National Affairs Rory Leishman

Philip Slayton, former dean of law at the University of Western Ontario, is not now and never has been a consistent advocate of judicial restraint, but at least he displays some belated concern over the excesses of judicial activism in his latest book aptly entitled Mighty Judgment, How the Supreme Court of Canada Runs Your Life.

As examples of judicial legislation, Slayton points out that it was not Parliament, but the Supreme Court of Canada that abolished all restrictions on abortion in the Criminal Code (R v. Morgentaler, 1988), read the legalization of same-sex “marriage” into the Constitution of Canada (Reference re Same-Sex Marriage, 1994), and overturned the law on obscenity in the Criminal Code, by legalizing consensual performances of group sex in nightclubs open to the public (R. v. Labaye, 2005). On Sept. 30, the Supreme Court was back at it again, this time overturning a decision of the federal Minister of Health to exercise his authority under the Controlled Drugs and Substances Act to shut down a so-called safe-injection site for illegal drugs in the crime-ridden downtown eastside of Vancouver.

Insite, the facility in question, is the only legal centre in North America where addicts can inject themselves with heroin, cocaine and other illegal drugs under medical supervision. The previous Liberal government of Canada sanctioned the establishment of this experiment in harm reduction for the consumption of illegal drugs, by granting Insite a three-year exemption in 2003 from the prohibitions of possession and trafficking of illegal drugs in section 56 of the Controlled Drugs and Substances Act.

In 2006, the Conservative minority government extended this exemption temporarily, but after receiving the report of an expert advisory panel which found that Insite saved only one life a year, then federal Health Minister Tony Clement decided to close the facility in 2008 and expend the money saved on other, better ways of combating drug addictions, overdoses and deaths in downtown Vancouver.

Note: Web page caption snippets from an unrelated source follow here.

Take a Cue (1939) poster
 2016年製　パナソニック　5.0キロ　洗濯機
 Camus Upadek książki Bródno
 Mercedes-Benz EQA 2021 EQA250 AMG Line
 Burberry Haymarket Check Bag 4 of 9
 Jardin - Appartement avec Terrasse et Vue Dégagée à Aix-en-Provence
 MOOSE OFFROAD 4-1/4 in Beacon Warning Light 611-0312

Specifically, he allocated $10 million toward 20 new treatment beds for drug-addicted prostitutes in Vancouver.

Regardless, two drug addicts and the agency operating Insite petitioned the courts to overturn Clement’s change of policy, claiming that the decision to close Insite would deprive Insite users of a vital health service and thereby violate their right to “life, liberty and security of the person” in section 7 of the Canadian Charter of Rights and Freedoms. In an unanimous ruling on May 30, the Supreme Court of Canada accepted this argument and granted Insite an indefinite exemption from the ban on drug possession under the Controlled Drugs and Substances Act.

In reasons for the Court, Chief Justice Beverly McLachlin wrote: “Where a law creates a risk to health by preventing access to health care, a deprivation of the right to security of the person is made out.” As authority for this contention, she cited the notorious ruling of the Supreme Court of Canada in the 1988 Morgentaler case, which struck down all restrictions on abortion in the Criminal Code.

Here, we have a quintessential example of two wrongs not making a right. In a compelling dissent in Morgentaler, 1988, Justices William McIntyre and Gerard La Forest argued that the courts have no constitutional authority to dictate policies on abortion to Parliament.

In conclusion, McIntyre emphasized that while Parliamentary action is always subject to judicial review, “nothing in the Canadian Charter of Rights and Freedoms gives the Court the power or duty to displace Parliament in this matter involving, as it does, general matters of public policy.” Correspondingly, there is nothing in the Charter that gives the Court the power or the duty to set national policies on drug abuse and addictions.

Nonetheless, the Supreme Court of Canada is packed with judicial activists who have no compunction about dictating public policies on everything from abortion to drug abuse. Even now, lower courts are considering cases on prostitution, polygamy and euthanasia. What’s next? Will Canada’s top court legalize all these vices as well?

What will it take finally to persuade our elected representatives in Parliament and the provincial legislatures to invoke the notwithstanding clause in section 33 of the Charter to stop the overweening judicial activists on the Supreme Court of Canada from running our lives.